▶ _Supplied data_:
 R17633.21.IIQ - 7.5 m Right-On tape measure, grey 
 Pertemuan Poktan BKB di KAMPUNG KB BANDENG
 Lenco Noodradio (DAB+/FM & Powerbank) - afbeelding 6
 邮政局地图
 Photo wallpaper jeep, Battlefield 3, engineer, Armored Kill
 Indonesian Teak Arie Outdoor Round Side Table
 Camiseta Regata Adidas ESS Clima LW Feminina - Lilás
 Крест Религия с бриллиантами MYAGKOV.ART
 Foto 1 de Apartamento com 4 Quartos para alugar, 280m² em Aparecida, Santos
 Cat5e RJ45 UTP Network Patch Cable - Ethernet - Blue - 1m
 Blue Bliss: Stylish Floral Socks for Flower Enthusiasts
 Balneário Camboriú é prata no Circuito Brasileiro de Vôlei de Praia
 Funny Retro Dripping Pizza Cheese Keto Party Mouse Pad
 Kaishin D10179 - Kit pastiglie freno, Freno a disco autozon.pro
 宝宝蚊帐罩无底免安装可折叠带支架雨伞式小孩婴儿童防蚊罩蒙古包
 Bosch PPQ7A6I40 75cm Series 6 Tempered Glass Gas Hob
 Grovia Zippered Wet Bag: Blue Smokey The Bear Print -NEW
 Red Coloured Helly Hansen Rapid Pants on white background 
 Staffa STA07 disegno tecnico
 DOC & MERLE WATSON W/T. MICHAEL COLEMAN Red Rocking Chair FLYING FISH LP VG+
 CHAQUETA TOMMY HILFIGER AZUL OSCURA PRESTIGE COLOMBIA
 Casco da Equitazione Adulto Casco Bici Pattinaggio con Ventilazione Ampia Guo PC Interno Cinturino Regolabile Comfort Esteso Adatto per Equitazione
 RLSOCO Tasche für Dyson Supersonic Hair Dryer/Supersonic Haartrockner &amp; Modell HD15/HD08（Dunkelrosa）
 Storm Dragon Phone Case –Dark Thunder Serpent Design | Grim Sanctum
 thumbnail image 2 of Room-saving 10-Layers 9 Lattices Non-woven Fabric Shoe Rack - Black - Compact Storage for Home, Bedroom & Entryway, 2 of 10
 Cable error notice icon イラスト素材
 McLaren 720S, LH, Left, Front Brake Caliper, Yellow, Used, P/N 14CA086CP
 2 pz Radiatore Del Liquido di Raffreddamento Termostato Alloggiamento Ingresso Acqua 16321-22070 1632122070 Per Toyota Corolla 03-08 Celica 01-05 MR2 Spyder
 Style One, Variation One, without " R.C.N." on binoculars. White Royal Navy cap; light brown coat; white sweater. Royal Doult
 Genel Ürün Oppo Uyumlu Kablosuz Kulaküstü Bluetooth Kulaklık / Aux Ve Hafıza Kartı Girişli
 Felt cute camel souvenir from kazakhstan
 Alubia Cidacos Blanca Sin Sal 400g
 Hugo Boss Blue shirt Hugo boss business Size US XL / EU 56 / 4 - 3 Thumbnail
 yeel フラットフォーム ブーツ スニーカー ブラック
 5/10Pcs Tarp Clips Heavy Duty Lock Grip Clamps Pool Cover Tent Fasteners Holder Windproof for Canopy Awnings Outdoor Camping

▶ _Instructions for the task_: Write out, exactly as given, the line containing "Alubia Cidacos Blanca Sin Sal 400g" and every line after it to the end of the records. Include nothing else.

▶ _Response area_:
 Alubia Cidacos Blanca Sin Sal 400g
 Hugo Boss Blue shirt Hugo boss business Size US XL / EU 56 / 4 - 3 Thumbnail
 yeel フラットフォーム ブーツ スニーカー ブラック
 5/10Pcs Tarp Clips Heavy Duty Lock Grip Clamps Pool Cover Tent Fasteners Holder Windproof for Canopy Awnings Outdoor Camping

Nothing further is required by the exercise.